January 25, 2021
Throughout my over a decade of working in some version of corporate America, I attended many of the Diversity and Inclusion (D&I) training sessions; you know, the once a year refresher of the one hour course as part of the onboarding process. Much of it was quite repetitive, and much of it focused on the "value of diversity" and not teaching how to build a strategy. I cannot say that I gained the knowledge and expertise I possess at any of those corporate training sessions. Instead, I have spent the last seven years studying neuroscience and practical learning engagement principles so that I could solve this very problem with my team at Step Up: Equity Matters.
Here are some suggestions for creating a higher base level of understanding around equity, diversity, and inclusion:
We need to move away from the once a year training on D&I to keeping equity, diversity, and inclusion front and center. For far too long, D&I training has relied on meeting quotas and "checking the box" learning rather than growing employees' skill, knowledge, and understanding of how Equity, Diversity & Inclusion (EDI) is part of their role in the company. Many employees are unaware of their impact, and as such, unprepared to create change.
D&I training focuses on othering vs. understanding our human condition and our inability to live up to our beliefs and values of fairness consciously. It is less about understanding our differences or finding our commonalities and more about knowingly accepting that creating belonging is a daily choice to turn off autopilot and hold space for genuine connections.

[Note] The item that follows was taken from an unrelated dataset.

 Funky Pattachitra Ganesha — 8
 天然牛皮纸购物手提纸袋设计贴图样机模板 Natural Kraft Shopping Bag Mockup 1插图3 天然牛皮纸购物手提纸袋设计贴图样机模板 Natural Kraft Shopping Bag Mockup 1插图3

EDI must be recognized as a behavioral change effort and introduced and reinforced through education. D&I initiatives often fall short of the long term goal of fostering equity across an entire organization. Until every workplace member's baseline competency improves, we will see less than desirable results on EDI goals.
A one size fits all D&I training often doesn't address employee needs. Multi-level and multi demographical training is necessary. However, the base level of understanding across all employees must rise and remain upheld.
EDI training is as much unlearning as it is learning. We can address all these challenges head-on and achieve the transformation we seek. And we can commit to unlearning patterns that yield inequitable outcomes and reprogram our organizations. The strategy for rich diversity is EDI!